What are free variables?
Consider the function literal for curried multiplication:
(x: Int) => (y: Int) => x * y
If you consider only the subexpression e := (y: Int) => x * y, then you can compute the set of free variables in e recursively as follows (starting from leafs x and y, and then building up the expression from its parts):
FREE(x) = {x} because x is a variable
FREE(y) = {y} because y is a variable
FREE(*) = {} because * is a built-in constant, for all practical purposes
FREE(x * y) = FREE(*) U FREE(x) U FREE(y) = {} U {x} U {y} = {x, y} by recursive descent into subtrees
FREE( (y: Int) => x * y ) = FREE(x * y) - {y} = {x, y} - {y} = {x}, because the variable y is bound by the in-line function definition, and therefore the variable y from FREE(x * y) becomes no longer free.
Thus the variable y is bound and x is free in the expression (y: Int) => x * y.
What are closures?
Now, what happens if you take the whole expression (x: Int) => (y: Int) => x * y and apply it to some constant, 7, say?
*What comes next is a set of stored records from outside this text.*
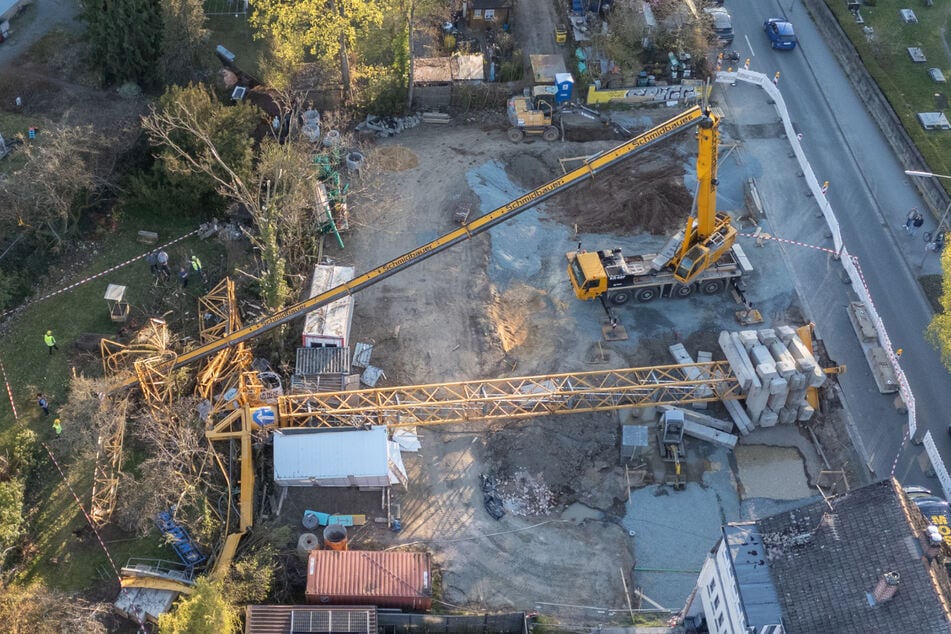 Die Unfallstelle von oben: Der im Aufbau befindliche Kran und der Ausleger des Autokrans liegen am Boden.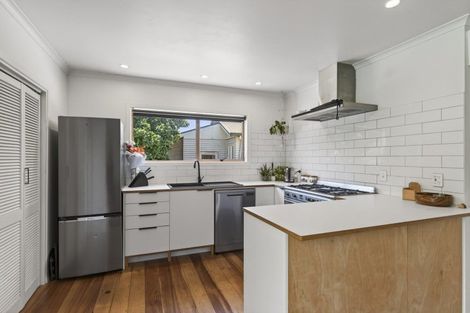 Photo of property in 278 Tukapa Street, Hurdon, New Plymouth, 4310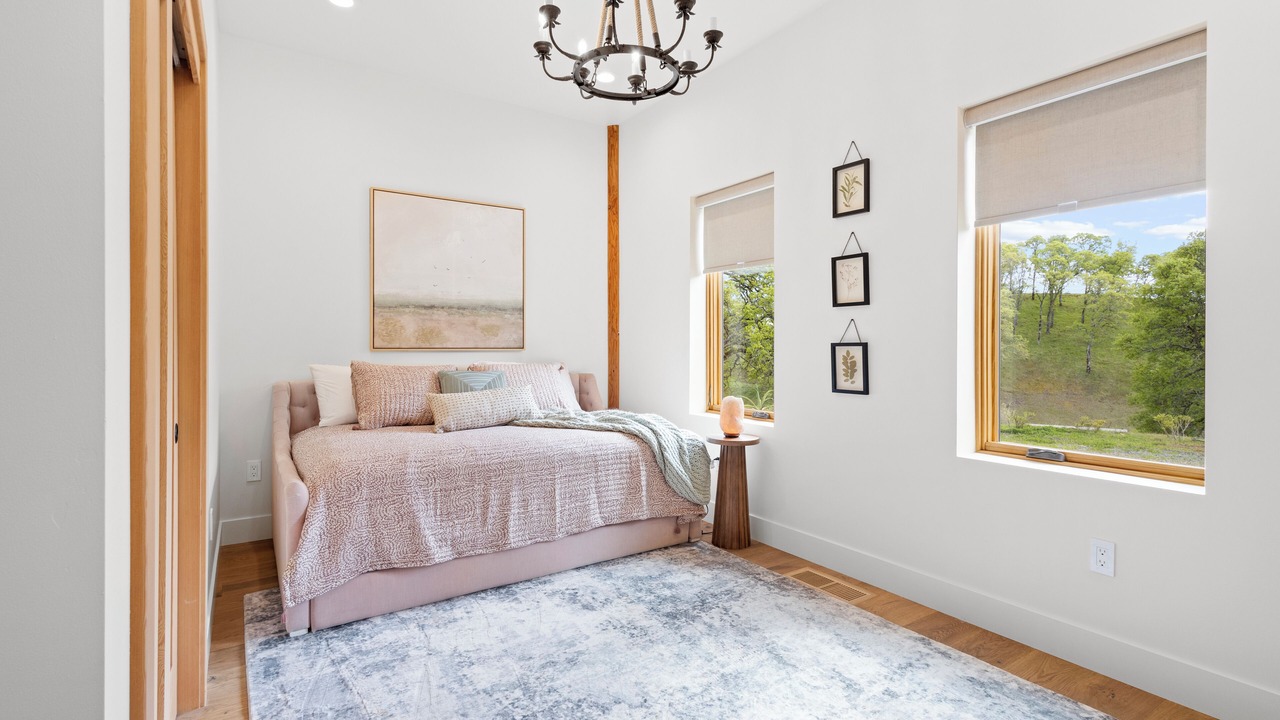Photo of Bedroom in Nut Tree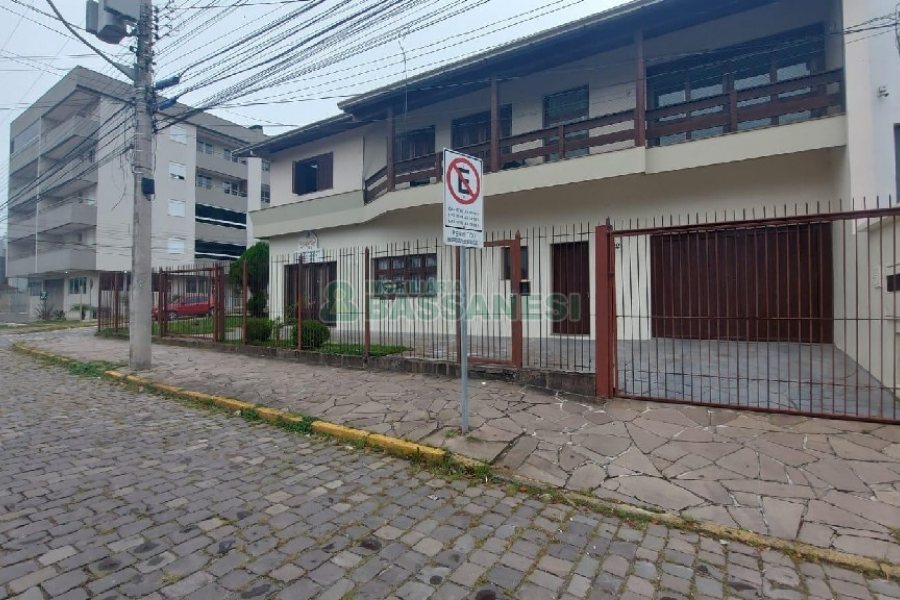 Casa com 150m², 3 dormitórios, 2 vagas, no bairro Cruzeiro em Caxias do Sul para Alugar
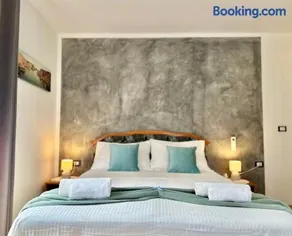 Kelly's Rooms - Image 2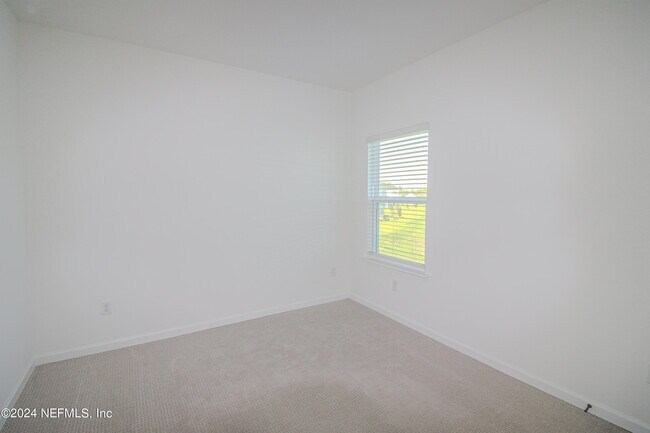 Building Photo - 483 Stargaze Ln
What is returned?
The returned object is a closure of the expression (y: Int) => x * y, where the free variable x is set to value 7. So, in a sense, the result of
((x: Int) => (y: Int) => x * y)(7)
is something like an object with a single method, that looks roughly like
class y_to_x_times_y_closure(x: Int) {
def apply(y: Int) = x * y
}
instantiated as y_to_x_times_y_closure(7). Note that the value 7 cannot reside in the call stack of some function, because you can easily produce a whole bunch of closures like
for (i <- 0 to 1000) yield ((x: Int) => (y: Int) => x * y)(i))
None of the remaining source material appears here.